The programs below are intended for developers and probably won't be very useful to you if your goal is to put ODP data on your website. If you're looking for a complete solution for using ODP data on your website, I recommend having a look at the minimoz package written by Andreas Steinmetz. Minimoz parses ODP data, stores it in an SQL database, and generates an ODP-like template-based website using the data. It's written in C and is Free Software licensed under the GNU GPL. Another option is phpODPWorld. It's written in PHP, licensed under the GNU GPL. It can display selected categories or all of ODP using any SQL database supported by the PHP Pear module.
In addition to the software on this page, I also try to maintain a listing of UTF-8 and XML errors in the currently available ODP data dump. You can often find news updates related to ODP/dmoz data dump issues at the ODP Weblog
dumpcheck is a C program that will scan the UTF-8 encoded XML data dump files exported by ODP and report the location of invalid UTF-8 sequences, illegal XML characters, illegal Unicode characters, and XML well-formedness errors. This helps ODP staff to find and correct problems in the data dump generation scripts.

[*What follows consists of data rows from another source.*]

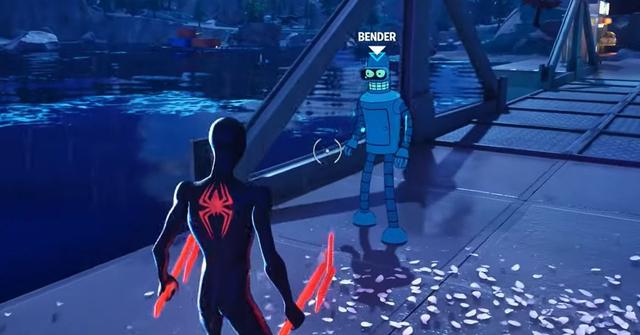 A player interacting with Bender in Mega City in Fortnite.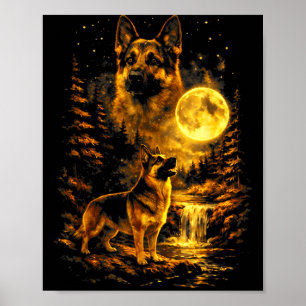 German Shepherd Moonlit Night Art Dog Howling At T Poster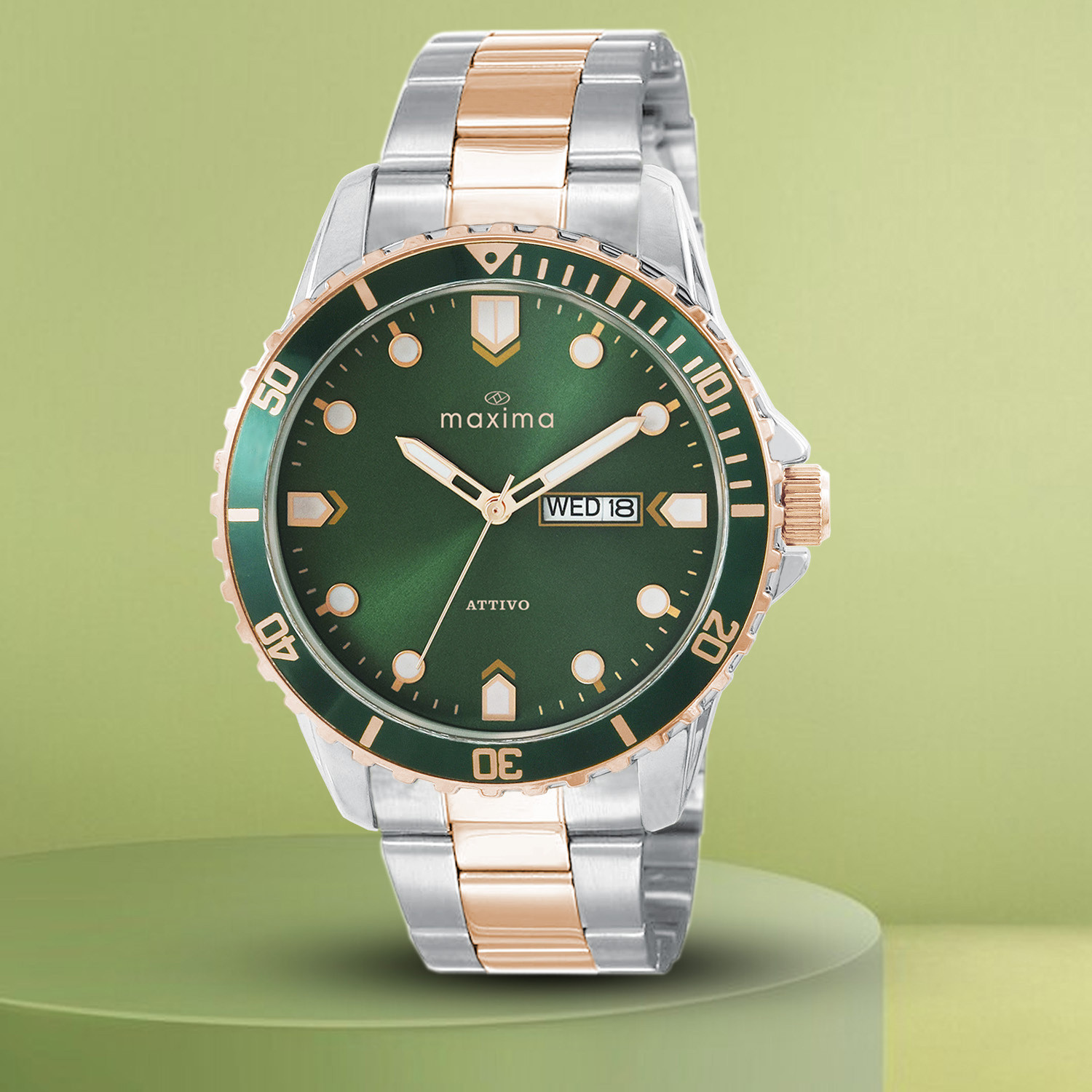 Image of MAXIMA Attivo Collection Attivo Rose Gold Analog Watch - For Men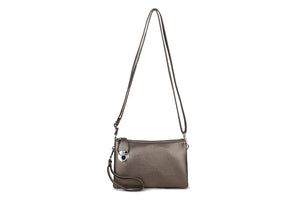 88101- Crossbody bag with zip clasp - Pewter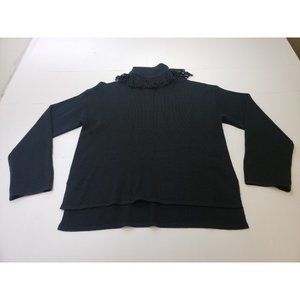 Bitte Kai Rand Womens Sweater Long Sleeve Fringe Turtleneck Tight Knit Black XS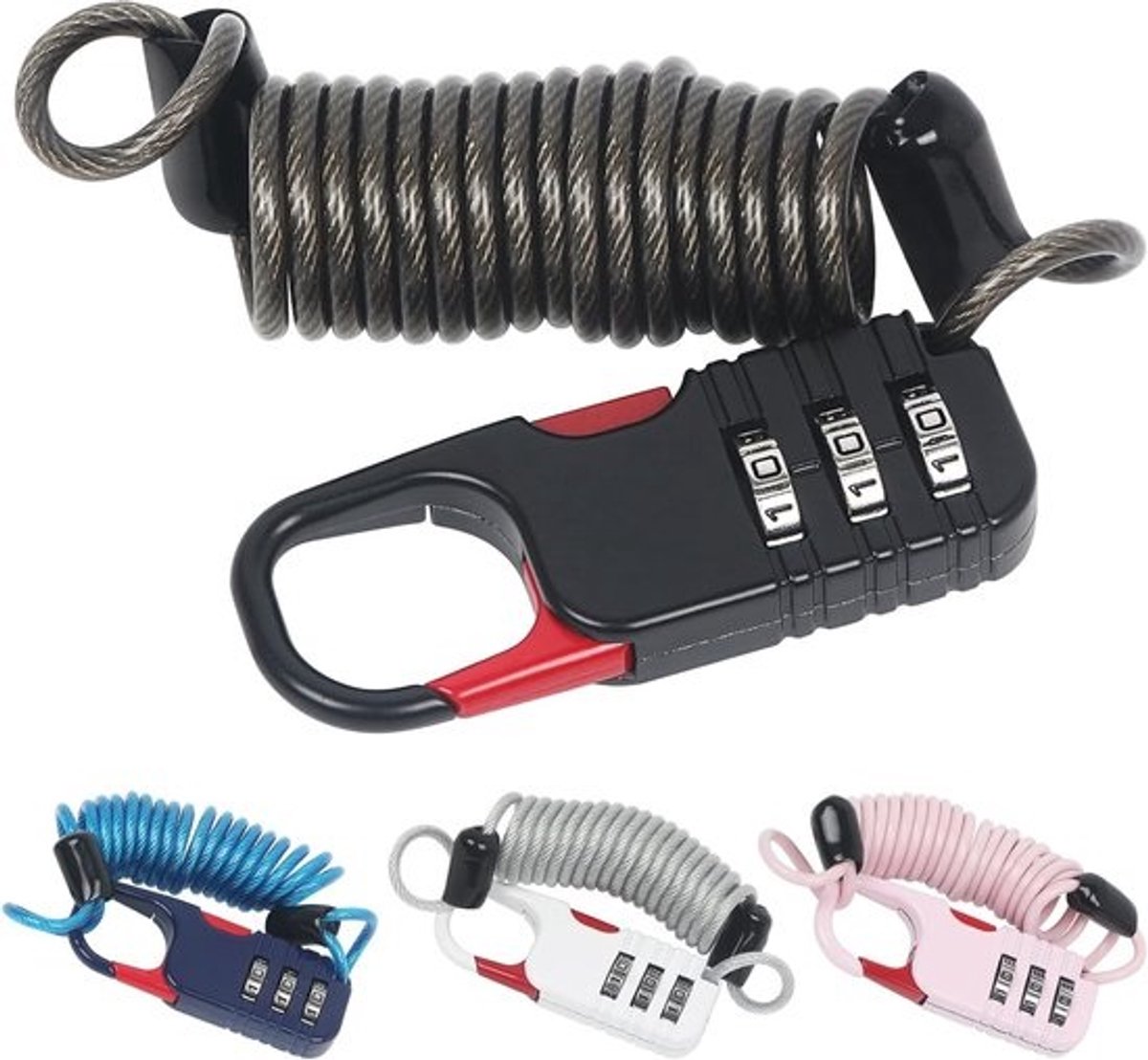 4 Pieces Motorcycle Helmet Lock - Portable Cable Lock for Bike - Combination Lock - 3 Digits Bicycle Lock - High Security for Helmets - Luggage - Bikes - Pushchair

The line number, byte offset, approximate ODP category ID, and hex values of offending XML and UTF-8 characters are reported. The line number of XML well-formedness errors is reported (thanks to libxml2!). While this program is intended to assist with debugging of the ODP data dumps it may be useful for other tasks as well.
odp2db is a collection of Perl programs that can be used to parse the ODP data dumps and insert the data into an SQL database. Both the structure.rdf.u8 and content.rdf.u8 files are parsed. A minimal table structure is included that is suitable for loading the database but probably not useful for any real work. The XML::Parse and DBI Perl modules are required. I developed this for use with PostgreSQL but have tried to stick with standard ANSI SQL as much as possible so it should work with MySQL and anything else supported by DBI with only very minimal changes.
License: All software on this page is Free Software licensed under the GNU GPL.